In 2005, Canada Post commemorated the life and achievements of Peterson with a 50-cent stamp (Scott #2118). The date of issue, Aug. 15, marked Peterson’s 80th birthday.
Printed by the Canadian Bank Note Company on Tullis Russell Coatings coated paper using seven-colour lithography, the stamp measures 32 millimetres by 32 millimetres and has general tagging along each side. Canada Post commissioned Montréal photojournalist Gilbert Duclos, a well-known street photographer, to photograph Peterson. Designer Tiit Telmet, of the Toronto firm Telmet Design Associates, worked on the art and composition.
Peterson was born and raised in the St. Henri district of Montréal, where he and four siblings, whose parents emigrated from the West Indies, learned about music in the family home. Peterson’s father was a self-taught musician that worked as a porter on the Canadian Pacific Railway. When he was away from work, however, he taught his children about music, encouraging them to explore all it had to offer.
Peterson began to study piano and trumpet when he was five years old, but tuberculosis weakened his lungs and ended his trumpet-playing days early.
ORCHESTRA’S FIRST BLACK MEMBER
All of Peterson’s effort went to playing piano, and from 1943-47, he was the featured soloist – and first Black member – of the Johnny Holmes Orchestra, a Montréal dance band.
When a noted U.S. promoter heard Peterson play in 1949, he was so impressed he arranged for the young Canadian pianist to perform later that year in a jazz concert at Carnegie Hall.
Peterson formed his first trio with guitarist Barney Kessel and Ray Brown on bass. Herb Ellis later replaced Kessel in the trio, which toured and earned widespread fame in the 1950s.
By 1960, Peterson and three other musicians formed the Advanced School of Contemporary Music in Toronto; however, a few years later, his career demands forced Oscar to pull out of the venture.
In 1964, Peterson produced his best-known work, Canadiana Suite, in which a different region of Canada inspired each of the album’s tracks.
He has recorded nearly 200 albums altogether.
Peterson was made a companion of the Order of Canada and awarded the Glenn Gould Prize as well as the UNESCO International Music Prize. In 2003, the Austrian government honoured him with a commemorative stamp. He has also been the recipient of honorary degrees from more than a dozen universities and was chancellor of York University from 1991-94.
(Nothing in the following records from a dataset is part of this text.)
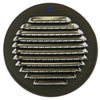 Renson 1006620 - r. scho. 435r ral 8019 ø 115 | 5 stuks
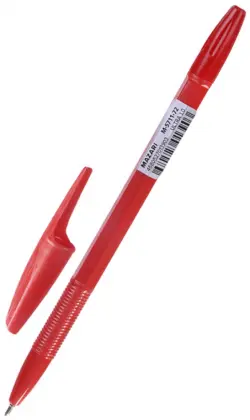 Ручка шариковая Ultra, красная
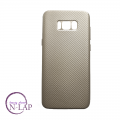 Futrola Samsung G955/ S8 Plus / karbon split srebrna
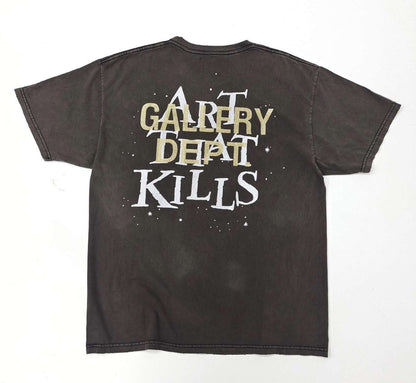 T-shirt Galery DEPT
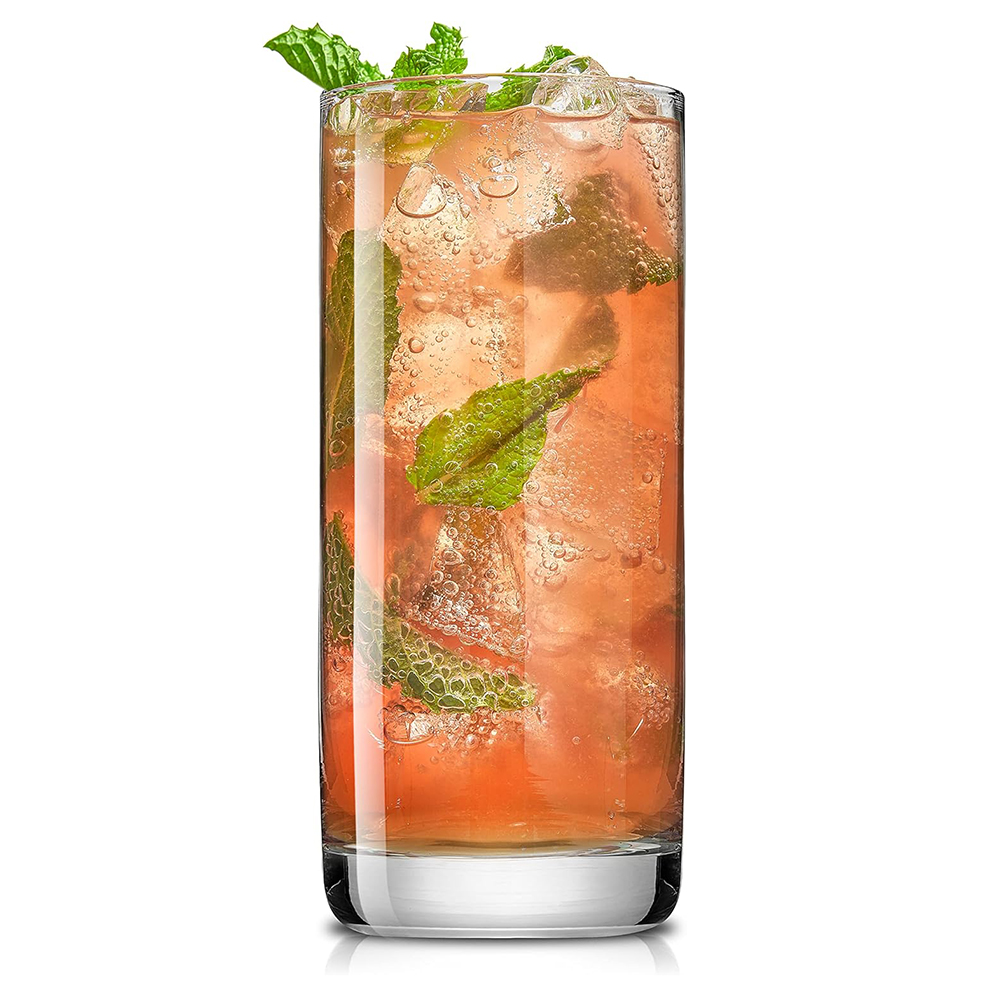 Lead-Free Crystal Drinking Gla - Highball Glass Set avis et prix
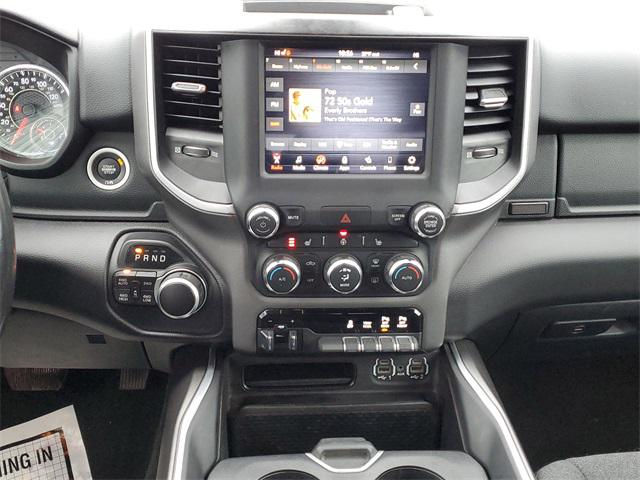 2020 Ram 1500 Big Horn Quad Cab 4x4 64 Box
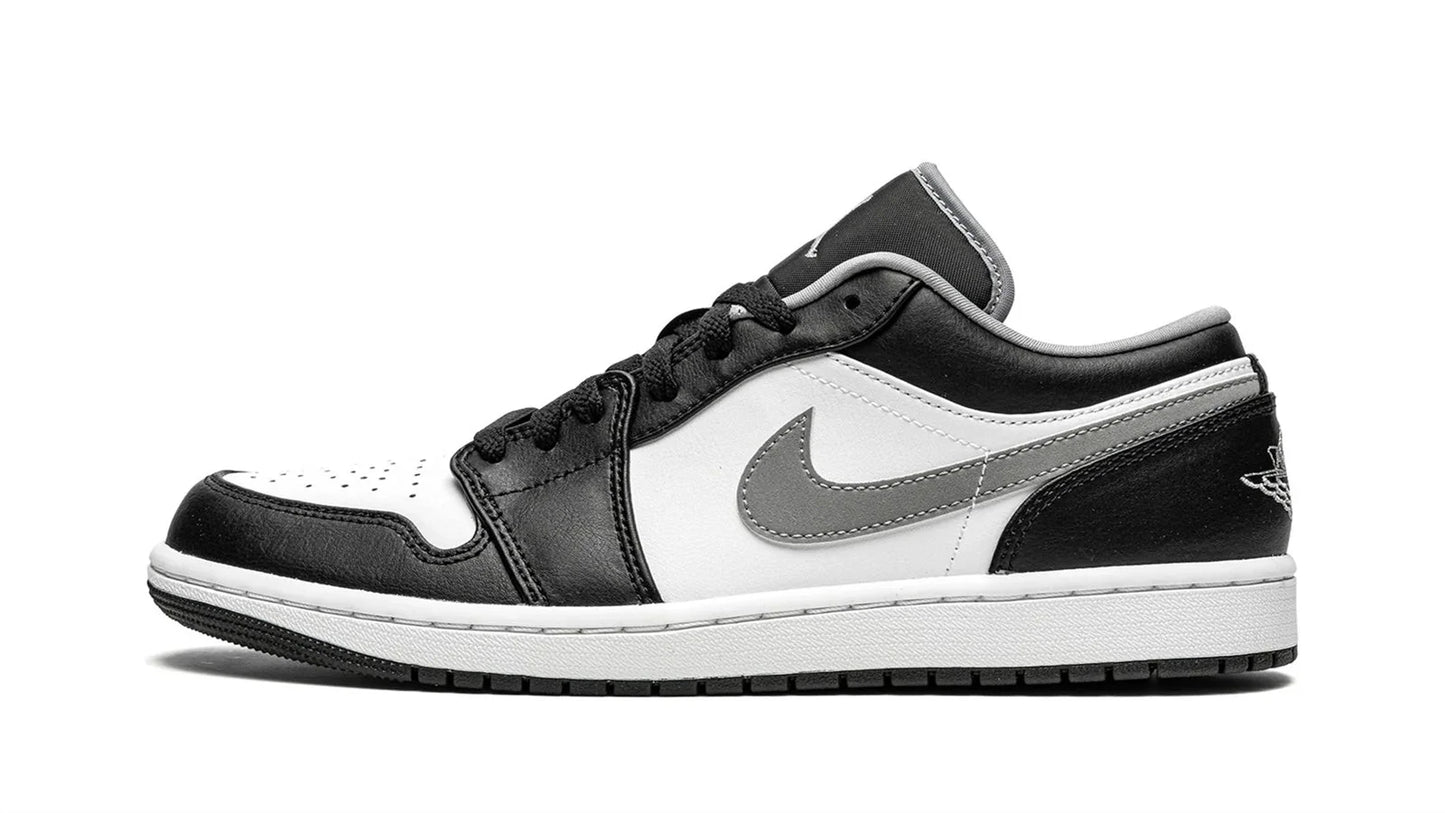 Air Jordan 1 Low Black Particle Grey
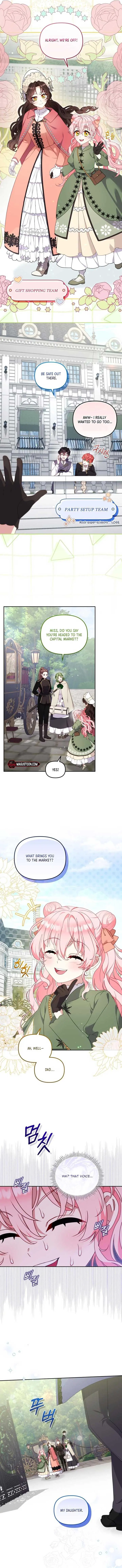 I'm Being Raised by Villains Chapter 101 Page 4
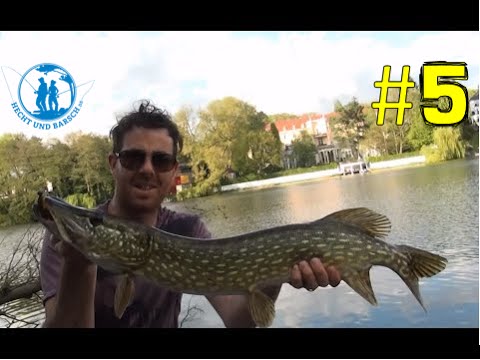 Start in die Berliner Raubfischsaison 2015 | Endlich wieder auf Hecht angeln!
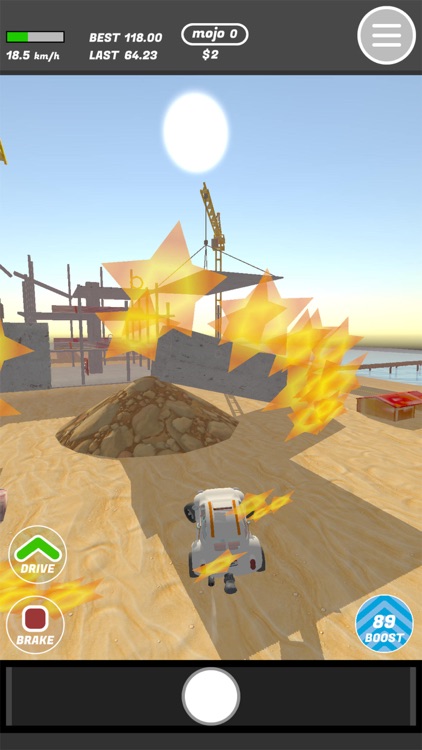 Car Jump Challenge screenshot-3
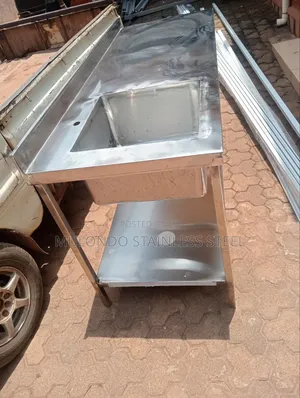 Stainless Table Sink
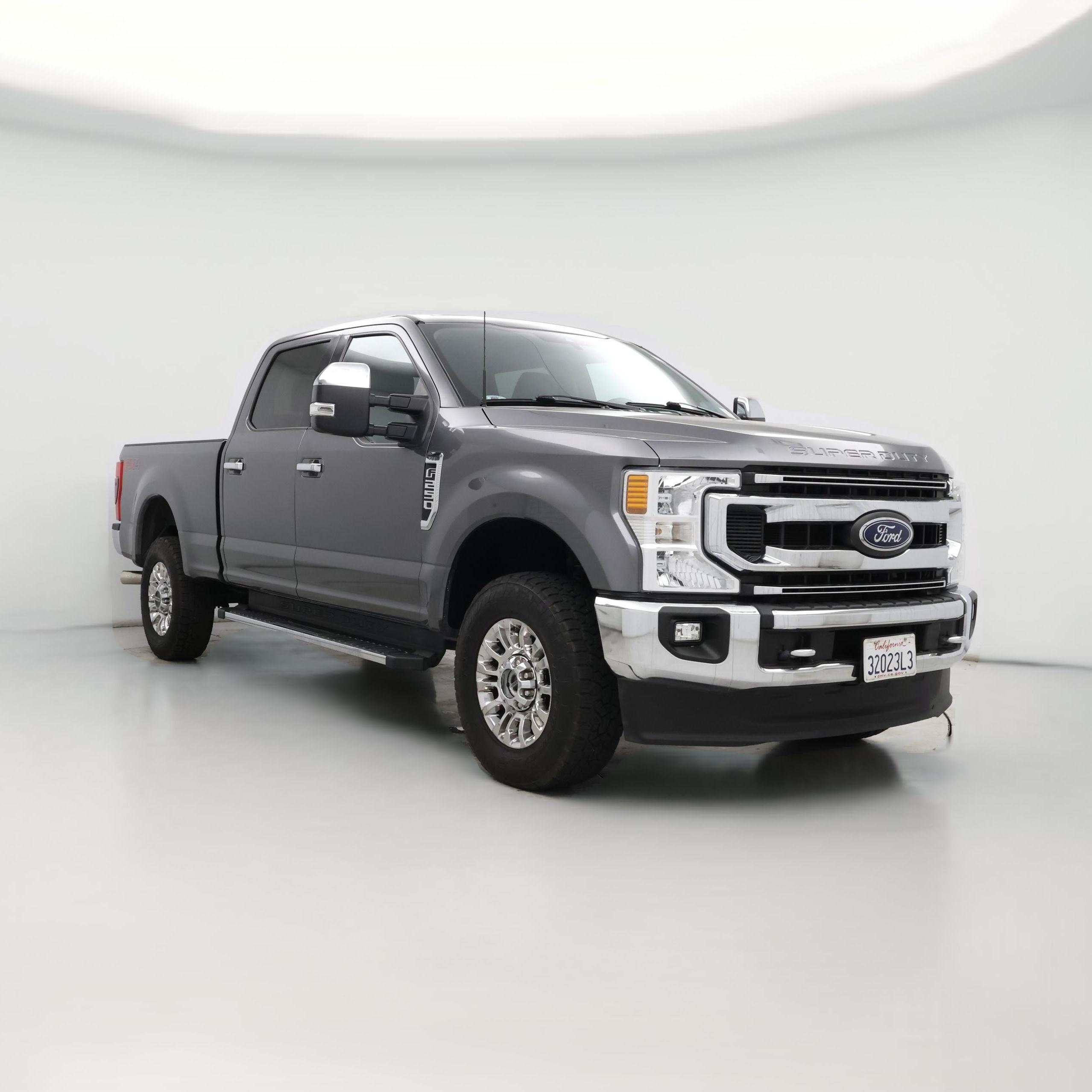Thumbnail: 2022 Ford F-250 - 1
In 1959, at what’s considered the first Toronto Jazz Festival, Peterson was joined at the Canadian National Exhibition grandstand by more than 30 local and international artists, including fellow Canadian Music Hall of Fame inductee Maynard Ferguson and special guest Louis Armstrong. That year is considered by many to be jazz’s golden age and one of the greatest eras in the history of music.
Remarkably, Peterson released 15 albums in 1959 alone, including The Jazz Soul of Oscar Peterson.